Download stechdrive-3dgs-utils-v1.22.3.zip

After extracting the ZIP, run setup_windows.bat, then run_gui.bat.

JP 日本語の説明

STechDrive 3DGS Utils workflow

STechDrive 3DGS Utils GUI

What You Can Do

1. SfM Preprocessing for 360° and Normal Images

Register 360° video from Insta360 / Osmo 360 or similar cameras, normal video from smartphones or mirrorless cameras, and still-image folders in the same scene. Review keep/drop decisions in Step 2, then mask people, the camera operator, tripods, sky, stitch seams, blown-out highlights, and similar areas in Step 3 before sending the images to Metashape, COLMAP, SphereSfM, or RealityScan.

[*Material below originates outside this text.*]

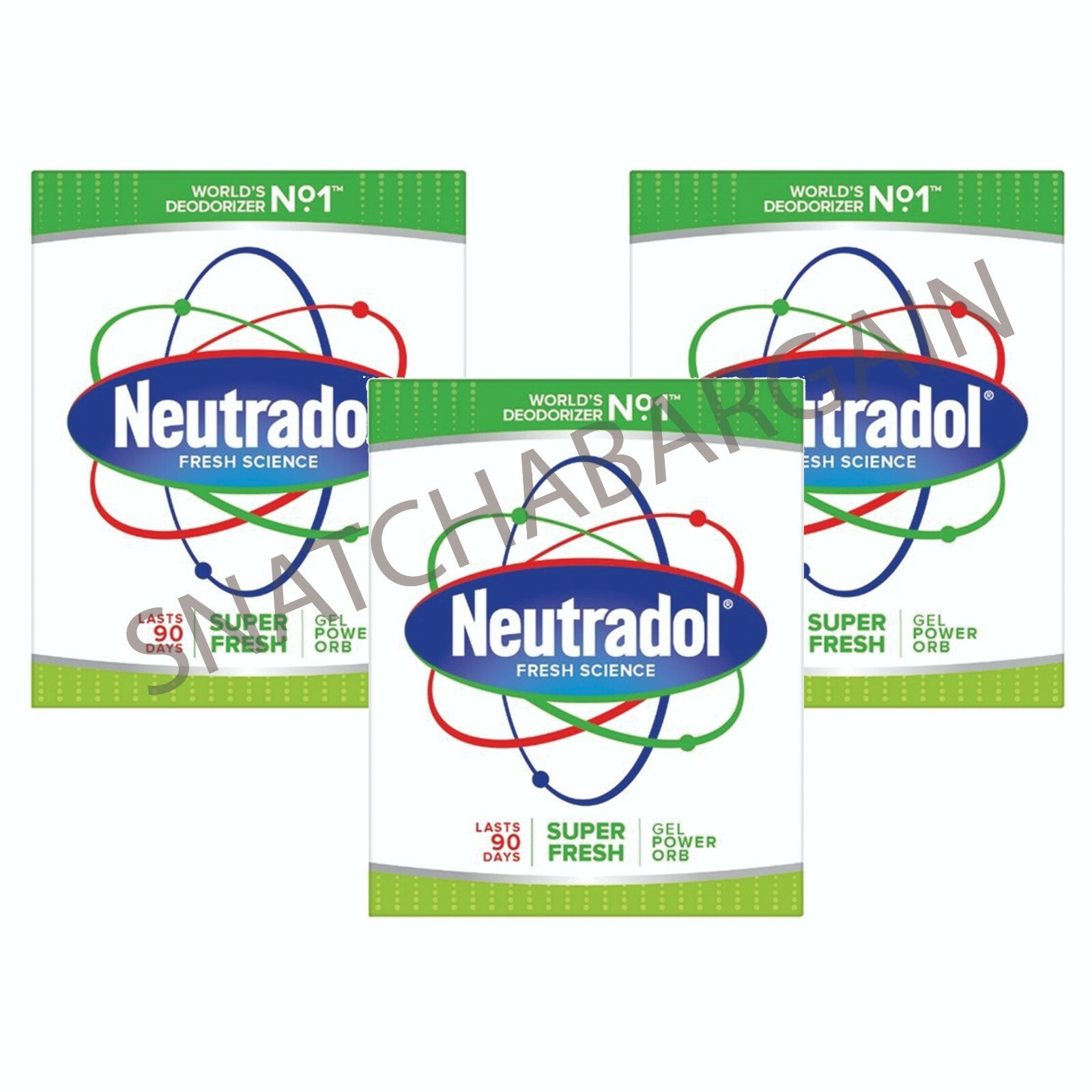 3 x NEUTRADOL SOLID GEL ODOUR DESTROYER SUPER FRESH LAST 90 DAYS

After Metashape SfM, create a NeRF-style JSON/PLY dataset with profile-specific names such as transforms_postshot.json / pointcloud_postshot.ply, a COLMAP-format dataset, or cubemap/XMP data for RealityScan realignment. In Step 5, choose the output format based on the training app you plan to use, such as LichtFeld Studio, Postshot, or Brush.

2. Run SfM Inside the App

If you are not using Metashape, Step 4 can run COLMAP or SphereSfM. COLMAP expands 360° images into cubemap rigs while keeping normal images as normal cameras, so it is the better route for mixed sources. SphereSfM is for same-resolution equirectangular 360° images only.

3. RealityScan to LichtFeld

After RealityScan realignment, convert RealityScan CSV/PLY exports into a COLMAP-format dataset that LichtFeld can open as a Dataset. Cubemap-derived PINHOLE images are referenced with links, and only normal-camera images that still have lens distortion are undistorted when needed.

4. Mask Preprocessing for Normal Photos or Video Frames

For video or image sequences from DSLR, mirrorless, smartphone, or other normal cameras, Step 3 can generate fast YOLO/SAM2.1 masks for people, vehicles, and other selectable object types, higher-accuracy SAM3.1 prompt masks for people and sky, optional Mask2Former sky masks, plus overexposure masks. Mixed 360° and normal sources are processed according to their image type.

Highlights

  • Register 360° video, normal video, and still-image sequences as input sources in the same scene. Videos are extracted into frames, and still-image folders are copied into images/ so later review, masking, and SfM steps treat them consistently.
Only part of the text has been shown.